## Problem
Write out, word for word, only the data from its first line to the line containing "Men's Graphic T-Shirt".

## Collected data
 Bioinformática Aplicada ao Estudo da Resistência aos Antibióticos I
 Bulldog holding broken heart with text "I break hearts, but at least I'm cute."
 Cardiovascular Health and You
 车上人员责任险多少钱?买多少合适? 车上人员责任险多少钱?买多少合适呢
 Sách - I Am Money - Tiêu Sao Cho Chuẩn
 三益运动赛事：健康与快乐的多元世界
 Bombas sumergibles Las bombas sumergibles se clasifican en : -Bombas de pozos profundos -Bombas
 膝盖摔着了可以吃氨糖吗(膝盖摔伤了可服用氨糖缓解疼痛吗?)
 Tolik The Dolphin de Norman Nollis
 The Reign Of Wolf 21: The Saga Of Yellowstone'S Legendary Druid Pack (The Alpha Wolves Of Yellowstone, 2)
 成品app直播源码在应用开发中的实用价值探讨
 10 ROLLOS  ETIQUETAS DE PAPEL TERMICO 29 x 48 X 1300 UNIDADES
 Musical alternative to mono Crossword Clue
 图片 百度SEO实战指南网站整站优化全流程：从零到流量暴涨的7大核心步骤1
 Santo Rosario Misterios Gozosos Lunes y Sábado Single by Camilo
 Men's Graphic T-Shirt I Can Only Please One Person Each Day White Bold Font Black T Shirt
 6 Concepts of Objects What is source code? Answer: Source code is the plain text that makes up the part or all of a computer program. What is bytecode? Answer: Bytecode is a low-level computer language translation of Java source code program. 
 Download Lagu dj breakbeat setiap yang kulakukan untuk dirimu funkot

## Solution for this exercise
 Bioinformática Aplicada ao Estudo da Resistência aos Antibióticos I
 Bulldog holding broken heart with text "I break hearts, but at least I'm cute."
 Cardiovascular Health and You
 车上人员责任险多少钱?买多少合适? 车上人员责任险多少钱?买多少合适呢
 Sách - I Am Money - Tiêu Sao Cho Chuẩn
 三益运动赛事：健康与快乐的多元世界
 Bombas sumergibles Las bombas sumergibles se clasifican en : -Bombas de pozos profundos -Bombas
 膝盖摔着了可以吃氨糖吗(膝盖摔伤了可服用氨糖缓解疼痛吗?)
 Tolik The Dolphin de Norman Nollis
 The Reign Of Wolf 21: The Saga Of Yellowstone'S Legendary Druid Pack (The Alpha Wolves Of Yellowstone, 2)
 成品app直播源码在应用开发中的实用价值探讨
 10 ROLLOS  ETIQUETAS DE PAPEL TERMICO 29 x 48 X 1300 UNIDADES
 Musical alternative to mono Crossword Clue
 图片 百度SEO实战指南网站整站优化全流程：从零到流量暴涨的7大核心步骤1
 Santo Rosario Misterios Gozosos Lunes y Sábado Single by Camilo
 Men's Graphic T-Shirt I Can Only Please One Person Each Day White Bold Font Black T Shirt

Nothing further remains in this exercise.